The frequencies of every score form a frequency distribution. The frequency distribution tells you how many observations you have of each score.

3.4 Frequency Table – By Hand

Let’s list the frequencies for our state anxiety measure in a frequency table:

Value Frequency Percent
78 2 33.3
79 1 16.7
8 2 33.3
81 1 16.7
Total 6 100.0

The scores for the measure are listed as separate rows. In one column, the frequency of each score is listed. This table also shows relative frequencies, which are the percentage (or proportion) of the frequencies that are due to that score. In the table above, 16.7% of the anxiety scores were 81. Percentages and proportions express the same information. The real difference is that percentages range from 0-100, while proportions range from 0-1. If half of your participants responded, “yes” to a question, we could say that 50% of the people responded yes. We could also say that the proportion of people who responded yes was 0.50.
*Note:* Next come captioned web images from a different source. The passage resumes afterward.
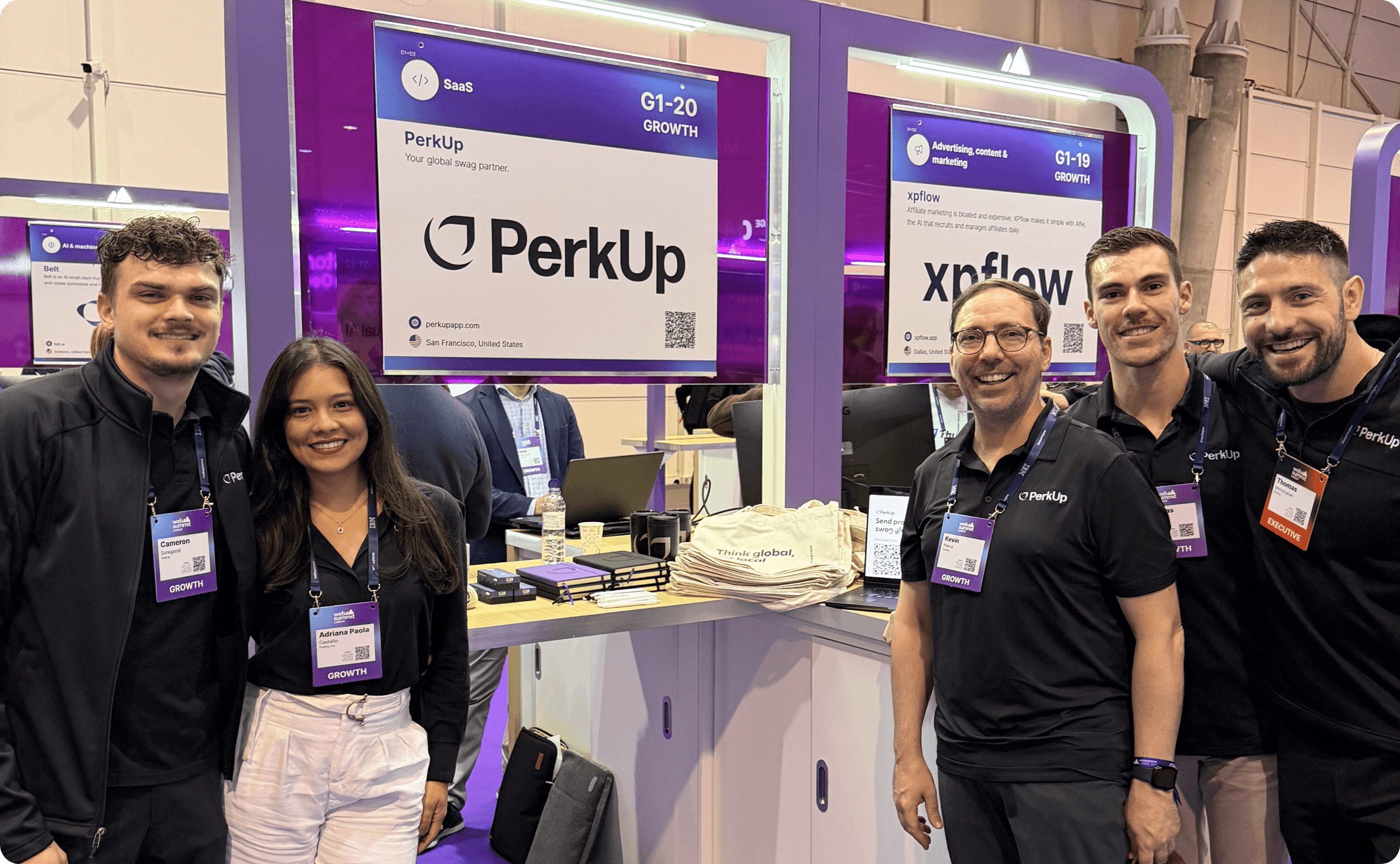 PerkUp's team at an event booth.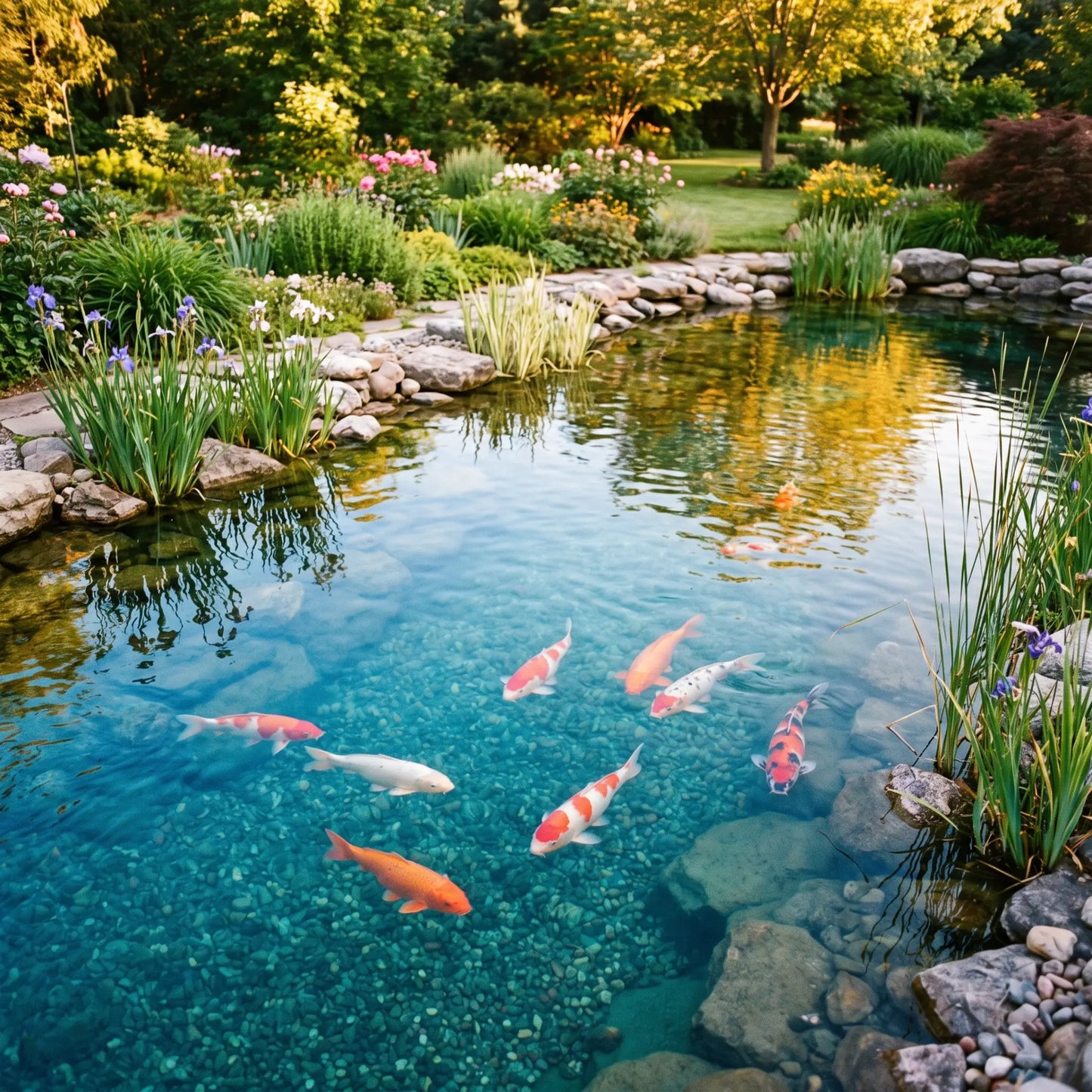 Koiteich mit kristallklarem Wasser und farbenfrohen Koi – Ergebnis nach Installation des Tripond Center Vortex GFK Teichfilters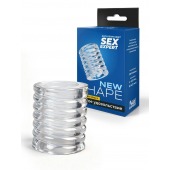 Прозрачная сквозная насадка на пенис с ребрышками - Sex Expert - в Красногорске купить с доставкой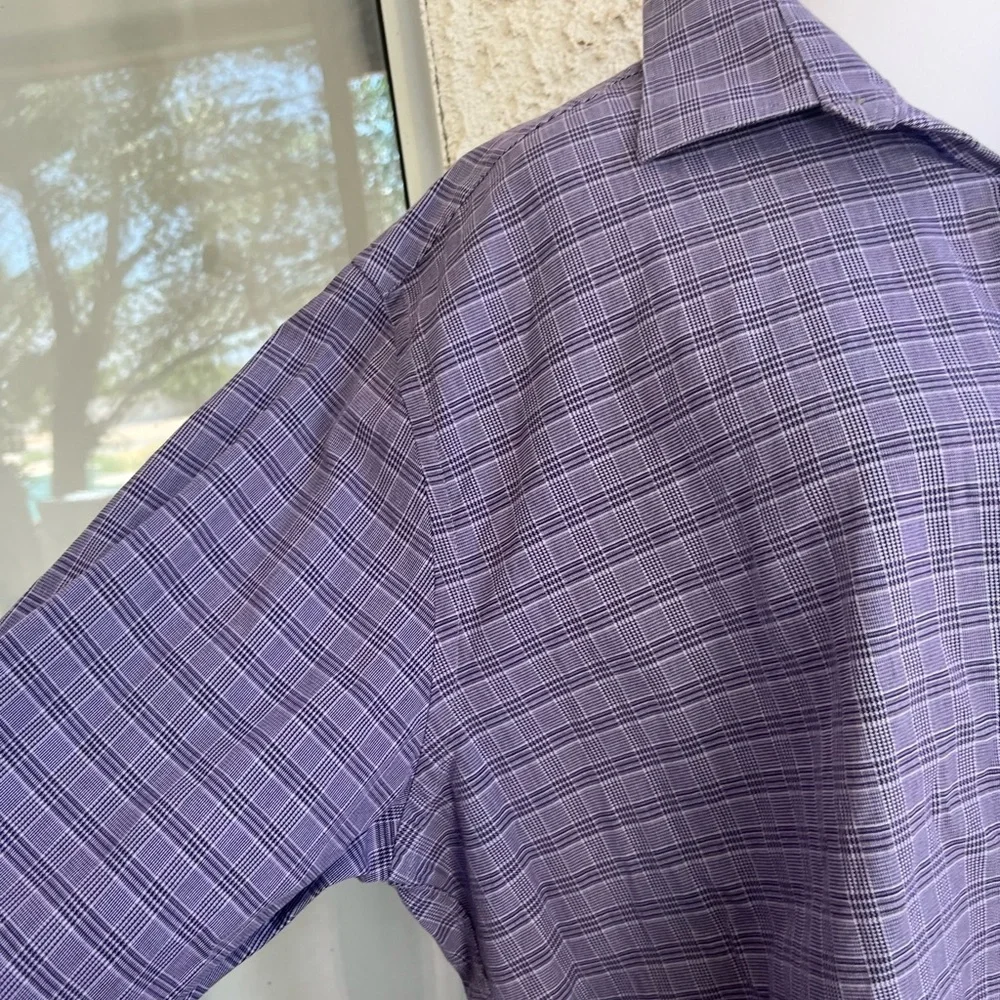Michael Kors purple Checkered Shirt size XXL - Picture 4 of 7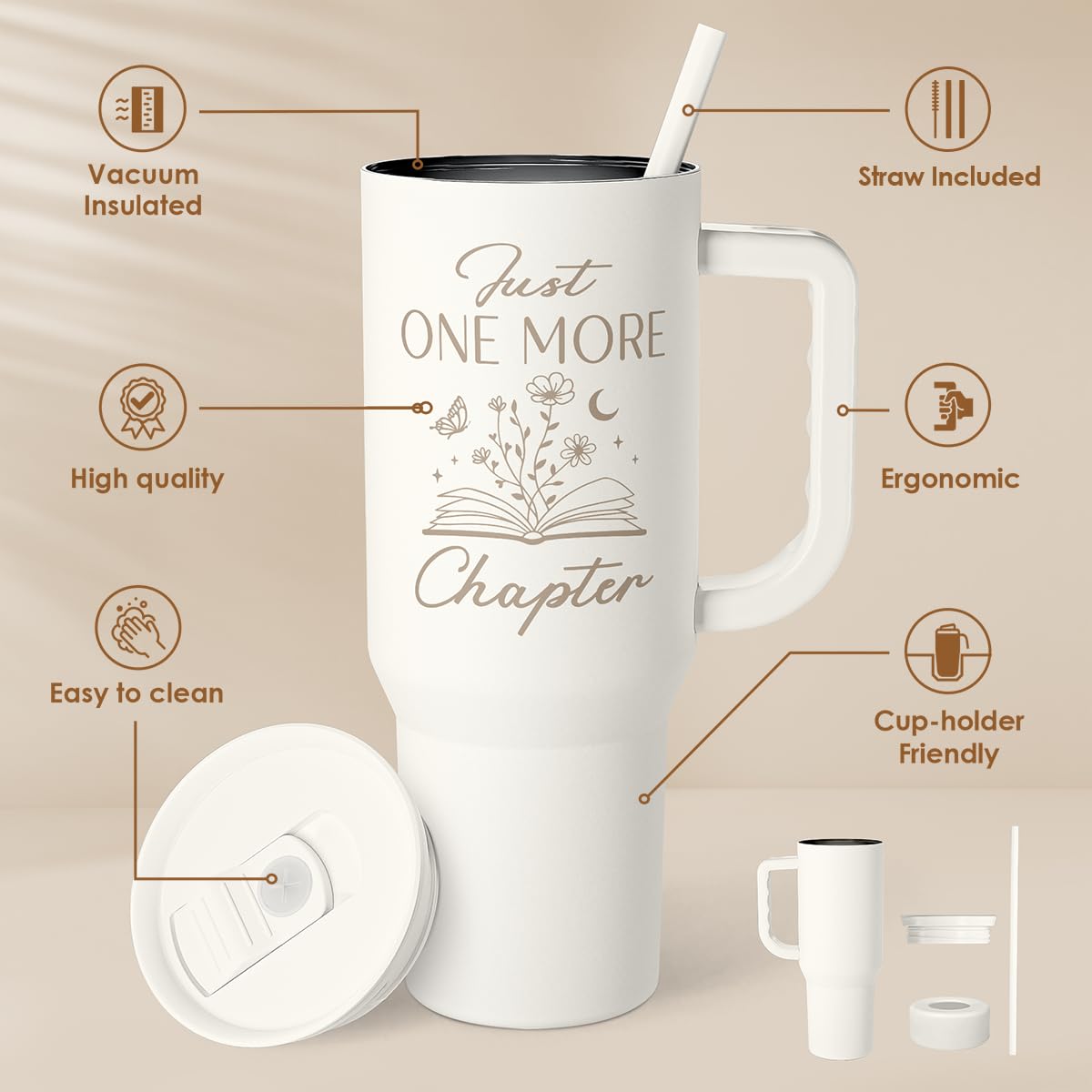 SANDJEST just-one-more-chapter-tumbler-handle is ideal for long reading sessions.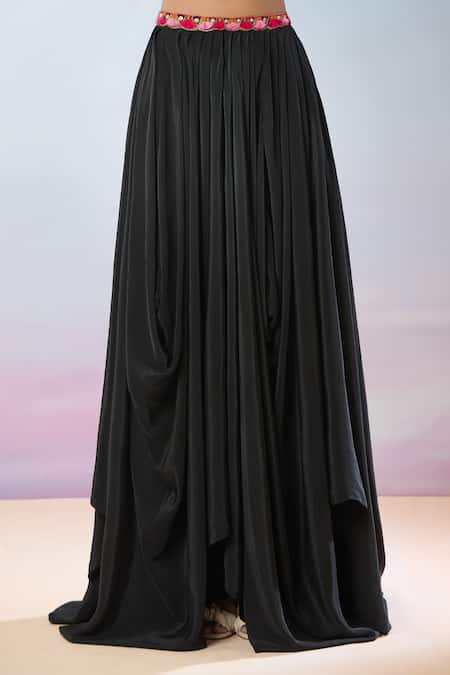 Buy Samyukta Singhania Black Cotton, Crepe Embroidery, Gota Patti, Floral Hand Cape And Dhoti Skirt Set Buy_Samyukta Singhania_Black Cotton, Crepe Embroidery, Gota Patti, Floral Hand Cape And Dhoti Skirt Set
3.5 Frequency Table - SPSS

For all SPSS activities, it is assumed that you are able to follow the procedures listed in the SPSS Basics handout.

Open your dataset or set up a new data file.

Go to the “Analyze” menu, then “Descriptive Statistics” then “Frequencies.”

SPSS Frequencies Dialog box

Click the variable(s) you want to analyze. For this procedure, including multiple variables is exactly the same as running it multiple times using a different variable each time.

Click the right arrow to move those variable(s) into the “Variable(s):” list.

Check “Display frequency tables” (shown unchecked) on this screen to add the frequency table to your output.

Click “OK” to run the analysis now. You will see a frequency table for each included variable.

3.6 Histograms: By Hand

You can plot the frequencies on the y-axis and the scores along the x-axis to create a graph called a histogram. For our state anxiety measure, “78” would be listed on the x-axis and have a bar height of 2. “79” would be listed next to it and have a bar height of 1.

3.7 Histograms for Continuous Variables, Bar Graphs for Discrete Variables

Here is our first opportunity to apply the measurement categories we learned last class. Histograms can only be created for continuous data of ordinal level measurement or higher. Why? Because the first step in constructing the histogram is to put the frequencies in order. If your possible scores are “Yes” and “No” (discrete, qualitative, nominal data), then you cannot create a histogram. Which would be listed first, ‘yes’ or ‘no?’

For discrete variables, you can construct a similar graph, but you should include an equal space in between each bar. This emphasizes the discrete nature of the data. When you construct a histogram for continuous data, make sure the bars touch. This emphasizes the continuous nature of the data.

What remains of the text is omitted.